[To do] Transcribe only the lines in the data below falling between the line with "Photo of Woman" and the line with "Cama o camas", including those two lines, and leave out any picture.

-- Records for this exercise follows --

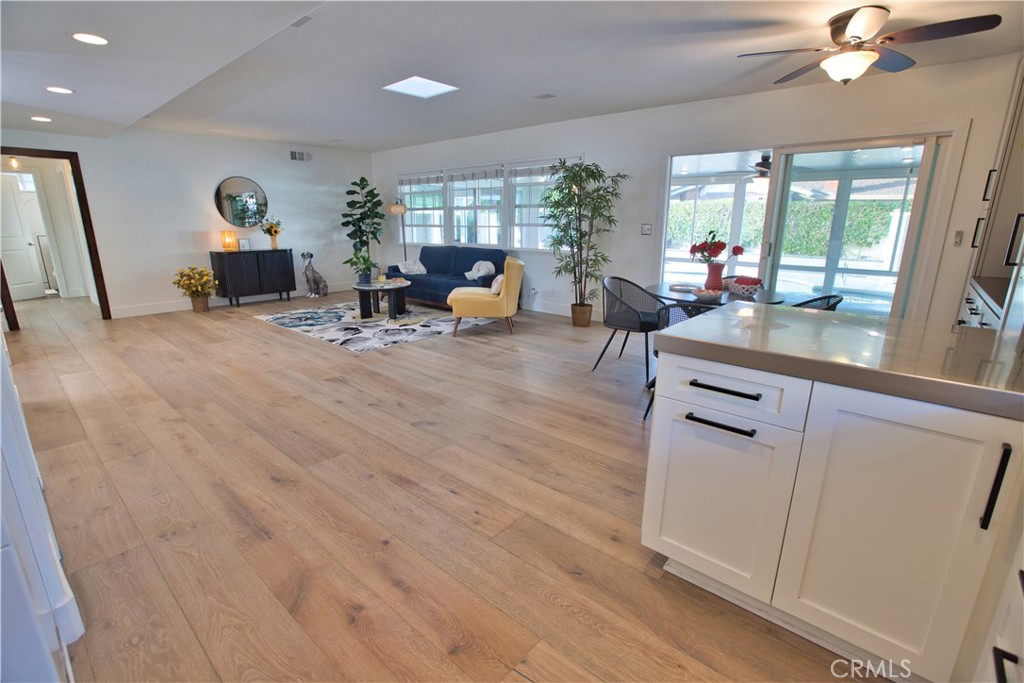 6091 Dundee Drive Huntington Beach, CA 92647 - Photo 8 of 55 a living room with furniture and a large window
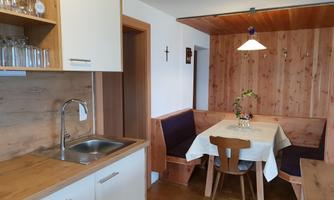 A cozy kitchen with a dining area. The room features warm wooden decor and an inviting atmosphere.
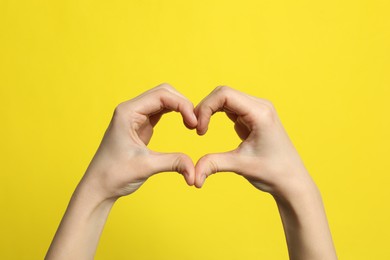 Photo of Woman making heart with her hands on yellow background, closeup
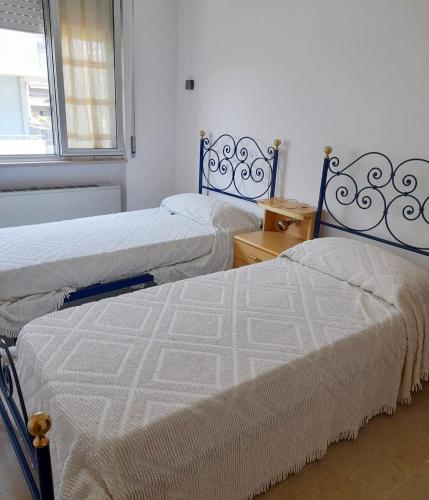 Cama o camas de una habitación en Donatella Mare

-- Records for this exercise concluded --
-- Records for this exercise follows --

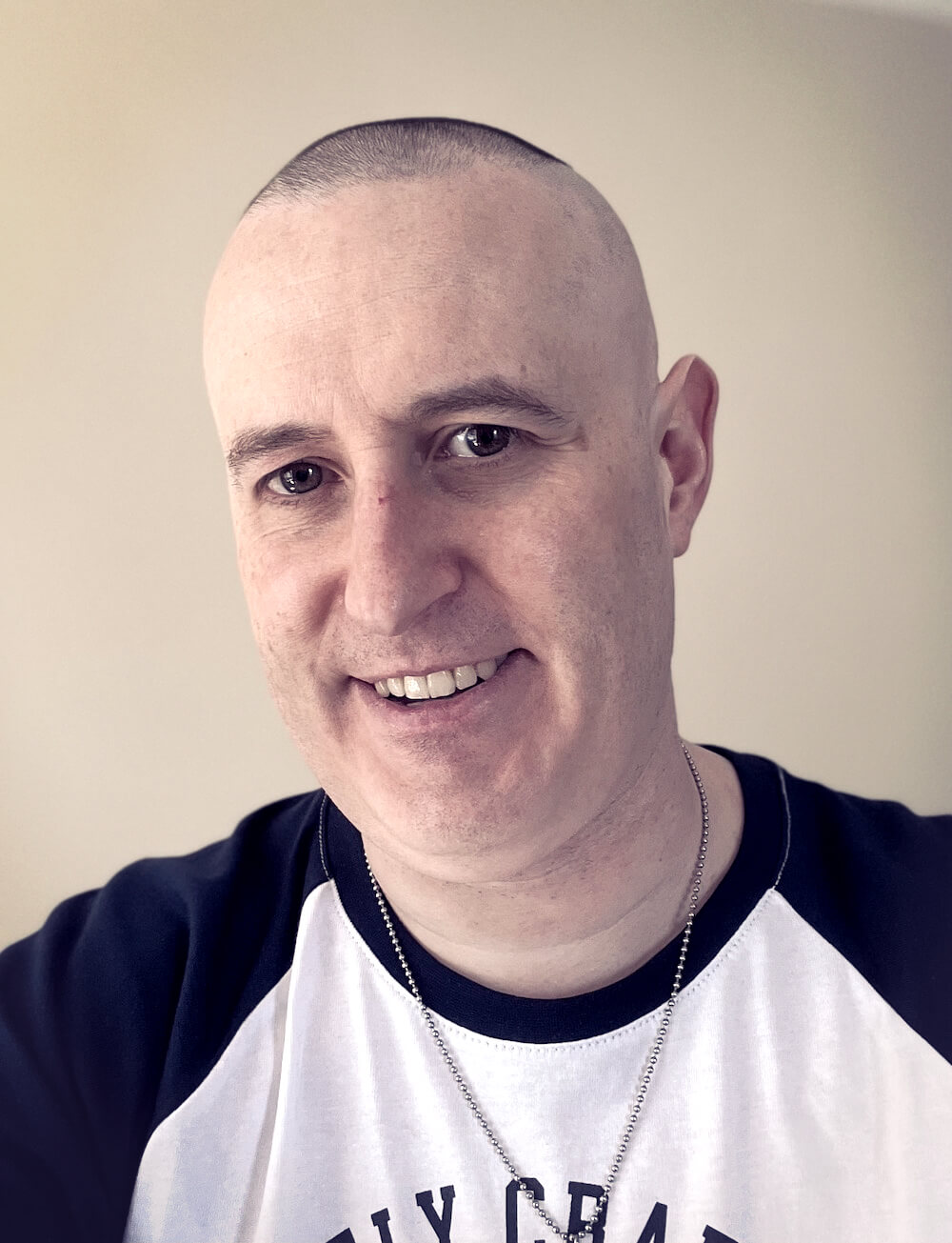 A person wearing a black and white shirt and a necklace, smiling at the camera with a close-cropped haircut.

-- Records for this exercise concluded --

[Response area]
 Photo of Woman making heart with her hands on yellow background, closeup
 Cama o camas de una habitación en Donatella Mare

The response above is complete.